An OEM-supplied Definition Block provides some number of controls appropriate for system-level management. These are used by OSPM to integrate to the OEM-provided features. The following table lists the defined OEM system controls that can be provided.

Table 7-9 BIOS-Supplied Control Methods for System-Level Functions

Object	Description
\_BFS	Control method executed immediately following a wake event.
\_PTS	Control method used to notify the platform of impending sleep transition.
\_GTS	Control method executed just prior to setting the sleep enable (SLP_EN) bit.
\_S0	Package that defines system \_S0 state mode.
\_S1	Package that defines system \_S1 state mode.
\_S2	Package that defines system \_S2 state mode.
\_S3	Package that defines system \_S3 state mode.
\_S4	Package that defines system \_S4 state mode.
\_S5	Package that defines system \_S5 state mode.
\_TTS	Control method used to prepare to sleep and run once awakened
\_WAK	Control method run once awakened.

\_BFS (Back From Sleep)

_BFS is an optional control method. If it exists, OSPM must execute the _BFS method immediately following wake from any sleeping state S1, S2, S3, or S4. _BFS allows ACPI system firmware to perform any required system specific functions when returning a system sleep state. OSPM will execute the _BFS control method before performing any other physical I/O or enabling any interrupt servicing upon returning from a sleeping state. A value that indicates the sleeping state from which the system was awoken (in other words, 1=S1, 2=S2, 3=S3, 4=S4) is passed as an argument to the _BFS control method.

Arguments (1):

Arg0 – An Integer containing the value of the previous sleeping state (1 for S1, 2 for S2, etc.)

Return Value:

None

\_PTS (Prepare To Sleep)

The _PTS control method is executed by the OS during the sleep transition process for S1, S2, S3, S4, and for orderly S5 shutdown. The sleeping state value (For example, 1, 2, 3, 4 or 5 for the S5 soft-off state) is passed to the _PTS control method. This method is called after OSPM has notified native device drivers of the sleep state transition and before the OSPM has had a chance to fully prepare the system for a sleep state transition. Thus, this control method can be executed a relatively long time before actually entering the desired sleeping state. If OSPM aborts the sleep state transition, OSPM should run the _WAK method to indicate this condition to the platform.

Arguments (1):

Arg0 – An Integer containing the value of the sleeping state (1 for S1, 2 for S2, etc.)

Return Value:

None

The _PTS control method cannot modify the current configuration or power state of any device in the system. For example, _PTS would simply store the sleep type in the embedded controller in sequencing the system into a sleep state when the SLP_EN bit is set.
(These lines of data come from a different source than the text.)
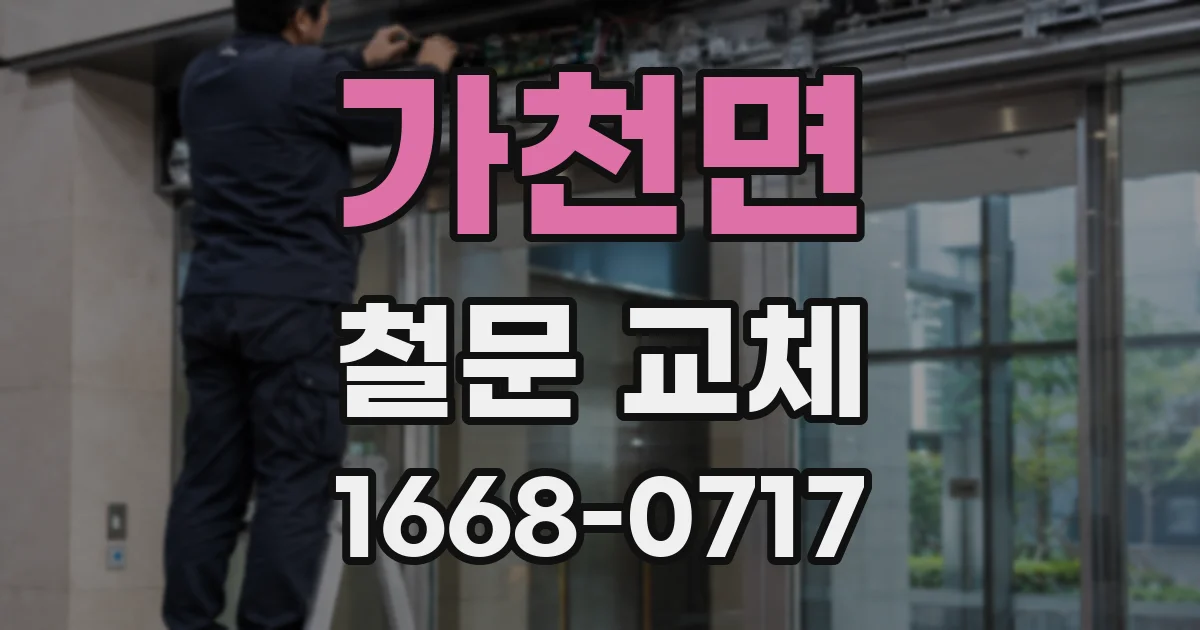가천면 철문 교체
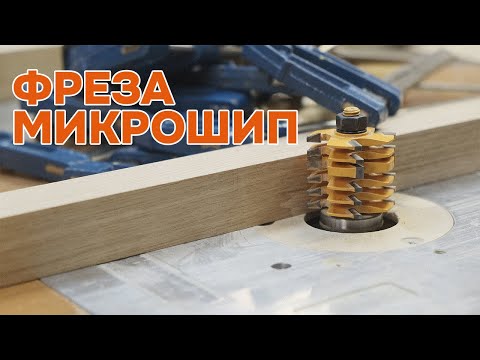 Видео: Секрет идеального сращивания микрошиповой фрезой | Milling cutter.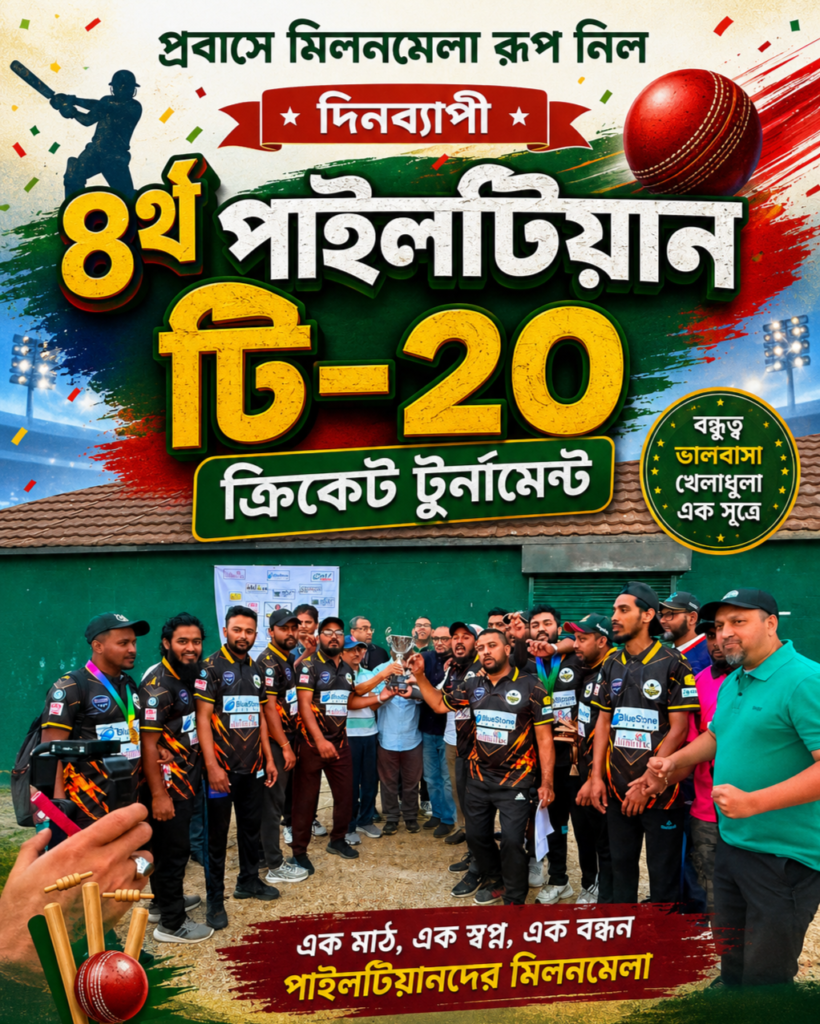 প্রবাসে মিলনমেলায় রূপ নিল দিনব্যাপী ৪র্থ পাইলটিয়ান টি-২০ ক্রিকেট টুর্নামেন্ট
The platform must not make any assumptions about the state of the machine when _PTS is called. For example, operation region accesses that require devices to be configured and enabled may not succeed, as these devices may be in a non-decoding state due to plug and play or power management operations.

\_GTS (Going To Sleep)

_GTS is an optional control method. If it exists, OSPM must execute the _GTS control method just prior to setting the sleep enable (SLP_EN) bit in the PM1 control register when entering the S1, S2, S3, and S4 sleeping states and when entering S5 for orderly shutdown. _GTS allows ACPI system firmware to perform any required system specific functions prior to entering a system sleep state. OSPM will set the sleep enable (SLP_EN) bit in the PM1 control register immediately following the execution of the _GTS control method without performing any other physical I/O or allowing any interrupt servicing. The sleeping state value (1, 2, 3, 4, or 5) is passed as an argument to the _GTS control method. The _GTS method must not attempt to directly place the system into a sleeping state. OSPM performs this function by setting the sleep enable bit upon return from _GTS. In the case of entry into the S5 soft off state however, _GTS may indeed perform operations that place the system into the S5 state as OSPM will not regain control.

Arguments (1):

Arg0 – An Integer containing the value of the sleeping state (1 for S1, 2 for S2, etc.)

Return Value:

None

The _GTS method must be self-contained (not call other methods). Additionally, _GTS may only access OpRegions that are currently available (see the _REG method for details).

System \_Sx states

All system states supported by the system must provide a package containing the DWORD value of the following format in the static Definition Block. The system states, known as S0–S5, are referenced in the namespace as \_S0–\_S5 and for clarity the short Sx names are used unless specifically referring to the named \_Sx object. For each Sx state, there is a defined system behavior.

Arguments:

None

Return Value:

A Package containing an Integer containing register values for sleeping

Table 7-10 System State Package

Byte Length	Byte Offset	Description
1	0	Value for PM1a_CNT.SLP_TYP register to enter this system state.
1	1	Value for PM1b_CNT.SLP_TYP register to enter this system state. To enter any given state, OSPM must write the PM1a_CNT.SLP_TYP register before the PM1b_CNT.SLP_TYP register.
2	2	Reserved

States S1–S4 represent some system sleeping state. The S0 state is the system working state. Transition into the S0 state from some other system state (such as sleeping) is automatic, and, by virtue that instructions are being executed, OSPM assumes the system to be in the S0 state. Transition into any system sleeping state is only accomplished by the operating software directing the hardware to enter the appropriate state, and the operating software can only do this within the requirements defined in the Power Resource and Bus/Device Package objects.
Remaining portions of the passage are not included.